Cost Savings with a Small Home

Lately, there has been a rash of articles about the benefits of having a small home. These articles point out that you can save money with a small home. Some of the cost savings that come with a small home include:


  • Less spent on utilities: Your smaller home needs less fuel for heat, and uses less electricity. If you are especially careful about your energy use, a small home can mean huge savings over a large home.
  • Lower property taxes: Unless your small home is sitting on a huge and valuable piece of land, you are likely to pay lower property taxes than if you had a large house. Smaller property = lower taxes.
  • Buy less: If you don’t have space to put stuff, you are less likely to buy it. Downsizing, for some, provides an excuse to get rid of the clutter that has accumulated over the years. And, once you have your small house, it can be an incentive to buy less to prevent the clutter from creeping back.

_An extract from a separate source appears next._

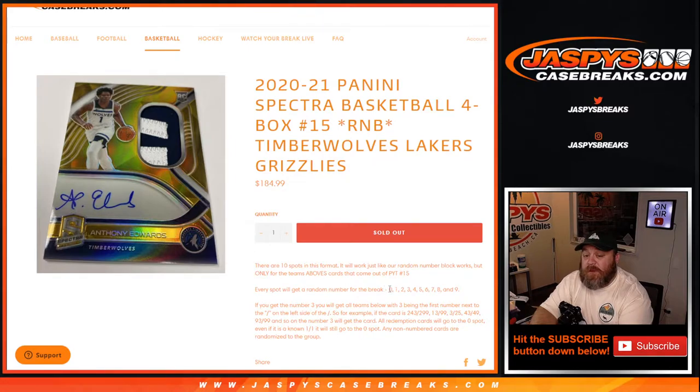Every spot gets a random number for the break from 0 through 9. If you get number 3, you'll get all cards for those teams with 3 being the first number next to the slash on the left side of the slash. So for example, if the card is 243 out of 299, 13 out of 99, 3 out of 25, 43 out of 49, 93 out of 99, and so on — number 3 with the card. All redemption cards will go to the 0 spot. Even if it is a known 1 of 1, it will still go to the 0 spot, and any non-numbered cards are randomized to the group at the end.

Of course, a small home means that you might not be able to entertain guests at your house, so you might have to go out more if your social life is important to you — and that could cost you.

Can You Save with a Large Home?

If you have a certain lifestyle, you can save money with a larger home. You might be surprised at some of the ways a larger home can save you money:

  • No need to pay for storage: If you aren’t willing to part with some of your stuff, you would need to pay for storage with a small home. When you have a larger home, though, there is ample room for your things — and no need to feel surrounded by clutter.
  • Frugal entertaining: Rather than going out, you can stay at home and entertain on a frugal budget. The same is true of family activities. A family might feel cramped in a small home, and look for ways to go out (and spend money on activities). A larger home allows for privacy, as well as comfort. Increased comfort might encourage more evenings in, rather than a desire to go out.
  • What about your home office?: If you work from home, a larger home that provides you with adequate workspace can be a money-saver. A smaller home may not have the space you need, and you might have to lease office space outside the home. A larger home means you save money on the lease, on the commute and in other areas.

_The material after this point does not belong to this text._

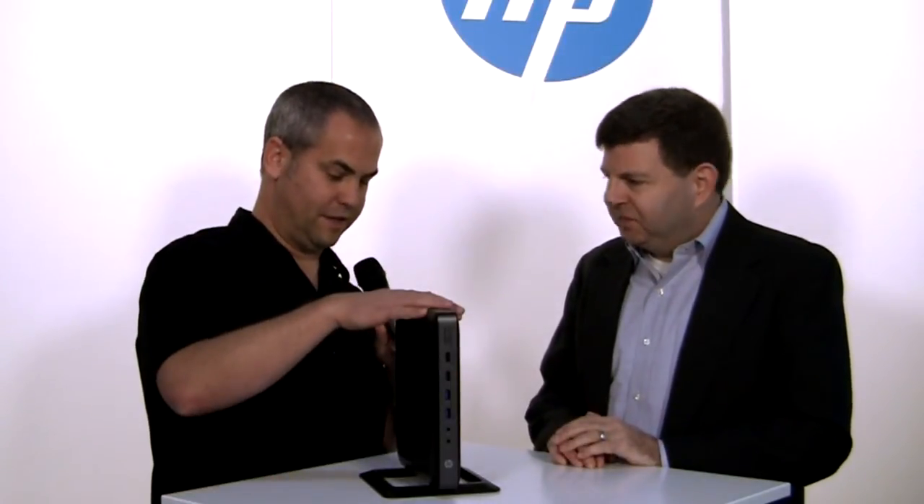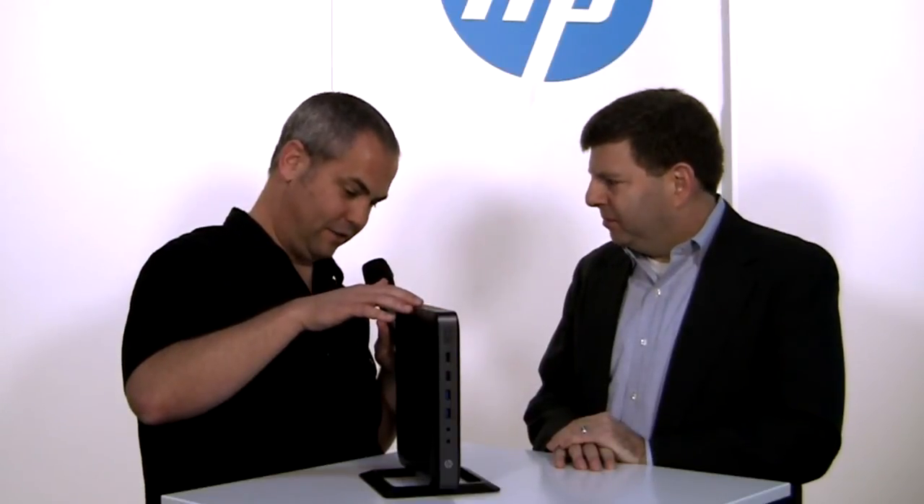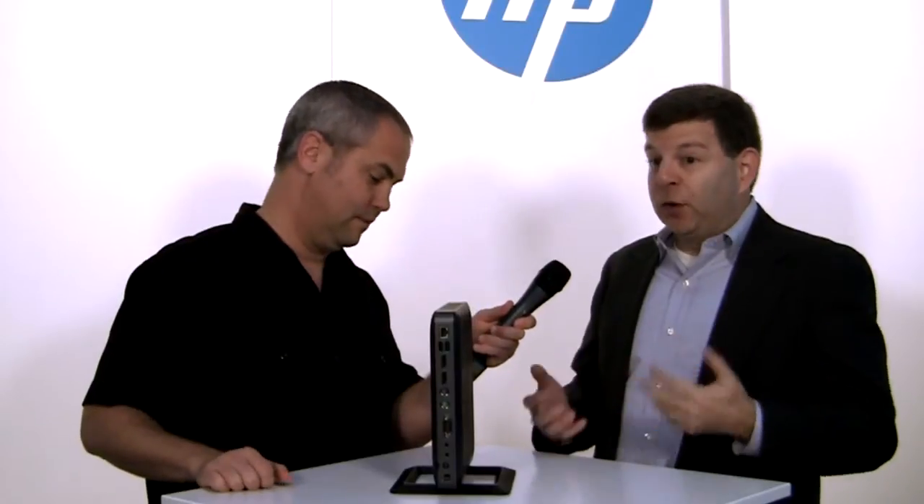The range covers everything from zero clients, which have literally nothing to manage locally, to flexible devices like the T620, which supports multiple operating systems including Windows Embedded, as well as mobile thin client requirements. The T620 is designed for knowledge workers who may need two or even four displays, so it's built to deliver that high-end experience.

Looking for Something That’s Just Right

Naturally, you want a home that fits your needs and your pocketbook. If you are ready to buy a home, consider the items that are most likely to be of importance to you. Many people are surprised to learn that my family of three resides in a four-bedroom home. After all, if my husband and I share a room, and my son has a room, there are two extra bedrooms. But one is used for my home office, and one is reserved for guests. We often have people stay with us — or even live with us for weeks at a time.

For us, a 1,700 square-foot home with four smallish bedrooms and larger common areas is what works. We have a home that is not too big, and not too small. It fits our ideas of comfort, while not being too costly (we spend about 20% of our monthly income on housing).

What do you think? What do you look for in a home?